[Saved entries]
+ + + +

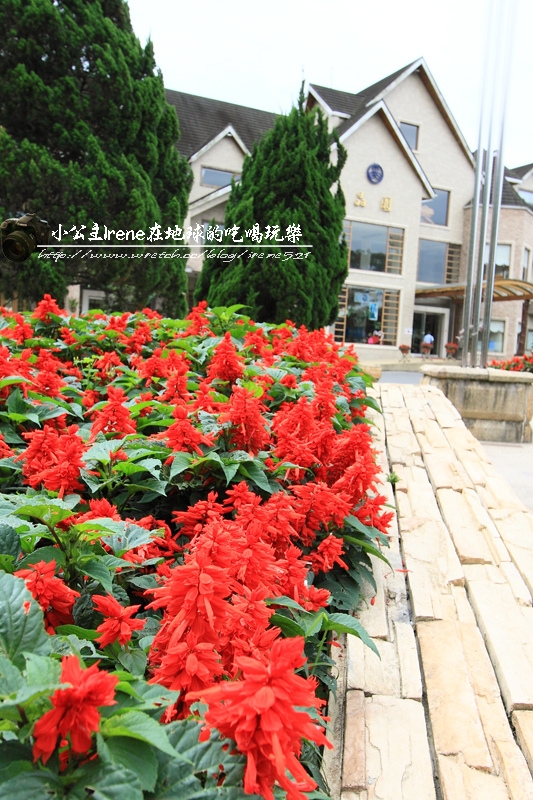 【南投魚池】螢火蟲圍繞的山林小屋.晶園休閒度假村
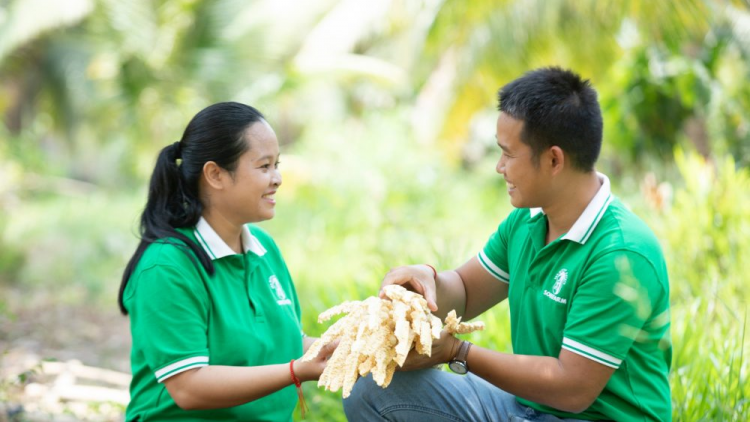 Đôi vợ chồng trẻ đưa mật hoa dừa Việt Nam vươn ra thế giới (5/10/2023)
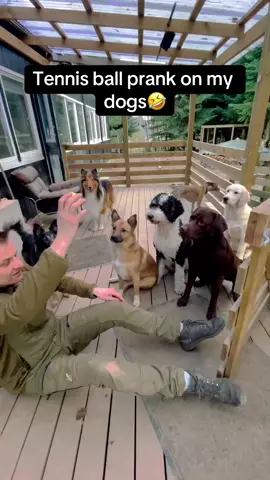 They were so confused🤣 #Pubity (IG: vipasserhund)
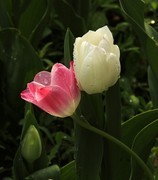 国家植物园郁金香之二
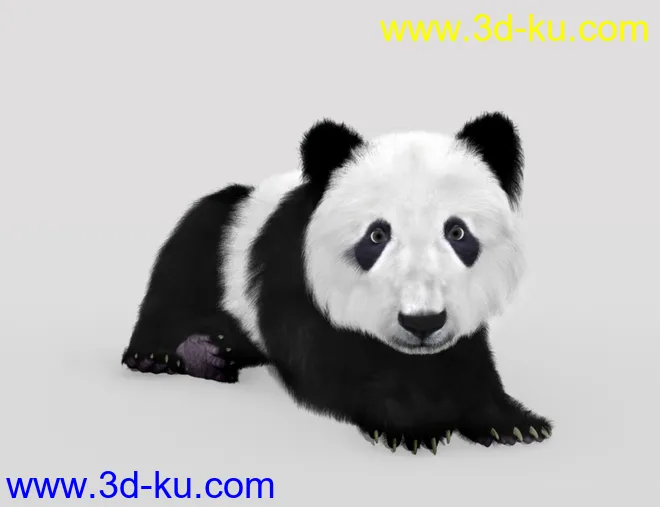 Bear Cubs by AM模型的图片8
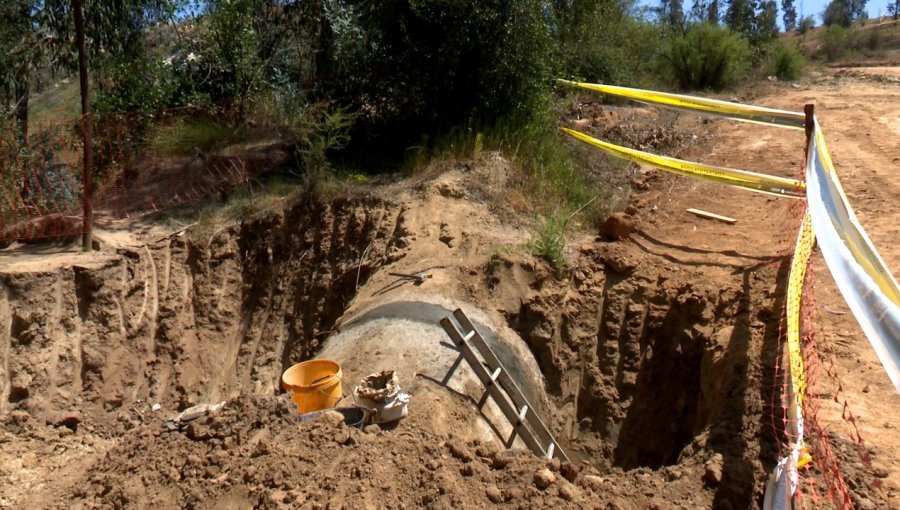 Denuncian que faenas de Esval arrasaron con bosque nativo del Parque La Reserva de Villa Alemana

+ + + +

**REQUIRED ACTION**
The copy you produce must repeat all the entries exactly and contain no pictures.

**WRITTEN ANSWER**
 【南投魚池】螢火蟲圍繞的山林小屋.晶園休閒度假村
 Đôi vợ chồng trẻ đưa mật hoa dừa Việt Nam vươn ra thế giới (5/10/2023)
 They were so confused🤣 #Pubity (IG: vipasserhund)
 国家植物园郁金香之二
 Bear Cubs by AM模型的图片8
 Denuncian que faenas de Esval arrasaron con bosque nativo del Parque La Reserva de Villa Alemana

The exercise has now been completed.